§ **Exercise description**:
What appears from the first line of the data below through the line containing "Knights Electrical & Plumbing Ltd", both included, should be copied exactly, and nothing else.

Stored data:

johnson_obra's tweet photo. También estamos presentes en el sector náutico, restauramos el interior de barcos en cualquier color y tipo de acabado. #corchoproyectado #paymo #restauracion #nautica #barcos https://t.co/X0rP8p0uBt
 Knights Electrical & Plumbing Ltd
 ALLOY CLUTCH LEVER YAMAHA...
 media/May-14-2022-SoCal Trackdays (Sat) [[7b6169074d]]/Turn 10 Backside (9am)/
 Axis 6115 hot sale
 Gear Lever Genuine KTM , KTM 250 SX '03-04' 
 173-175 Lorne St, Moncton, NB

§ **Result of this task**:
johnson_obra's tweet photo. También estamos presentes en el sector náutico, restauramos el interior de barcos en cualquier color y tipo de acabado. #corchoproyectado #paymo #restauracion #nautica #barcos https://t.co/X0rP8p0uBt
 Knights Electrical & Plumbing Ltd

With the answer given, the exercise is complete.